On our way back to Kampala we are driving with the afternoon sun along the highway (the only highway) from Murchison Falls to Kampala. From 3-5 pm schools let out for the day, and the otherwise desolate highway is flooded with students in their colorful rainbow of uniforms. For five minutes I see all bright pink, then ten minutes of trees before we reach what resembles a swarm of bees, boys and girls buzzing with school excitement in golden-yellow t-shirts and black shorts and skirts. Blues, greens, oranges of all kinds, covering these children as they laugh and carry their books on their heads often holding hands as they go. The look of these school children, all of them, is obviously carefully considered. To go to school in Uganda (and I would imagine most African nations) is a privilege that the kids here value at the utmost, and they literally 'dress to impress'. I notice, all but their shoes. While driving I see that at least one out of every four students are walking, on the black, hot, highway, through random piles of trash, however many miles to the place they call home- without shoes.
And it hits me: a small thing that I've missed, but can surely still do. The kids here walk everywhere, so one pair of shoes doesn't last as long as one might think. Living in New York and walking everywhere myself, I can attempt to understand this dilemma on a lesser scale because I am constantly looking for a durable pair of shoes to carry me to and from work. So when Sula pulls to a stop behind traffic, I find a shoeless student (with ease) and reach out my window to hand him my sandals. They're good Havanah sandals that have lasted me the entirety of the trip- even hiking!- and so I know they will last even longer on his journey to and from school. There is a slight embarrassment on his part to be in need of the shoes to begin with, but he bends at the knees to say thank you in their culturally respectful way, drops the shoes on the ground in front of him, and walks away in his new sandals.

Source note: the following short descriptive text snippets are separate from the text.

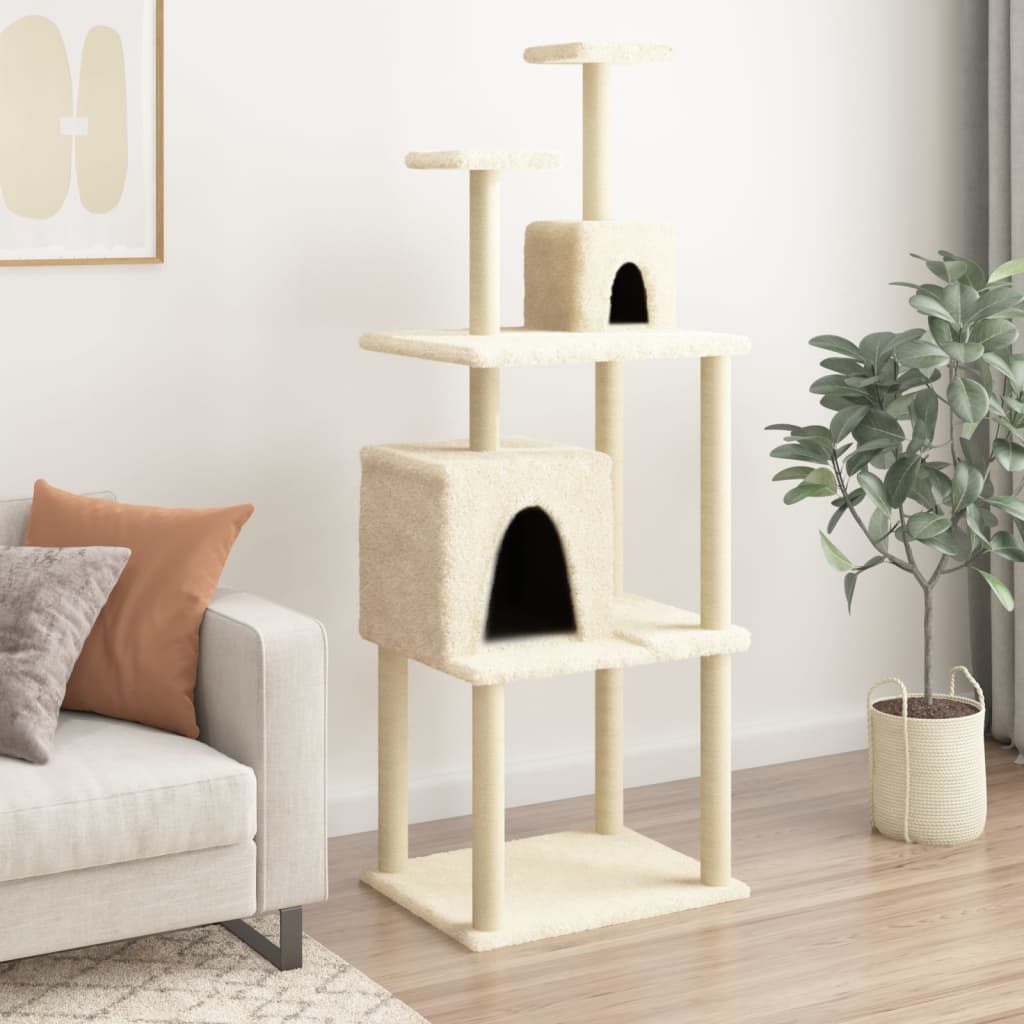 vidaXL Rascador para gatos con postes de sisal 167 cm Color Crema,  Gris claro,  Gris oscuro y mas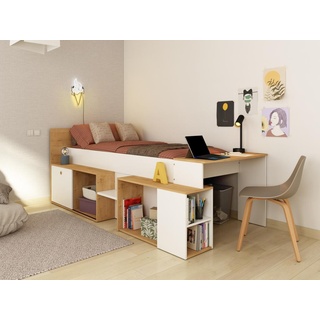Kombibett 90 x 200 cm mit Schreibtisch & Stauraum - Weiß & Holzfarben - PALOMA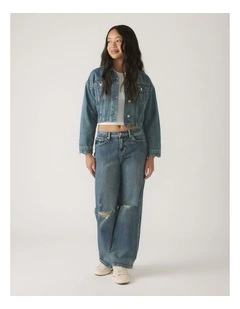 Cropped Denim Jacket in Blue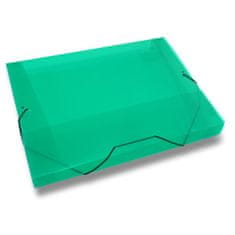 Box na dokumenty Transparent A4, chrbát 30 mm, zelené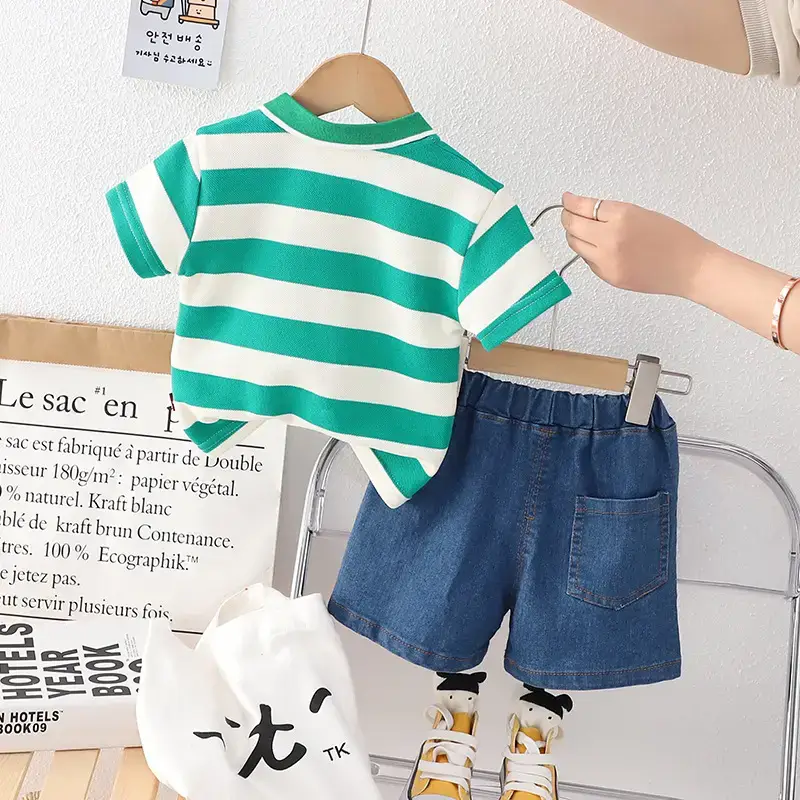 Children's Striped T-Shirt & Shorts Set Green White Cotton - Image 4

I beam with happiness at the sight of him wearing my shoes. 'Perfect fit', I think, and suddenly, just like that, I know how I can help!?! For the last twenty minutes of the drive, I put together a draft version of my new, baby NGO.

I'll tell you my thoughts, and then (since we are practically best friends after this month-long travel) you can tell me what you think and give me suggestions!
I think I'll call it 'African Sole', and the premiss is this:

"African Sole!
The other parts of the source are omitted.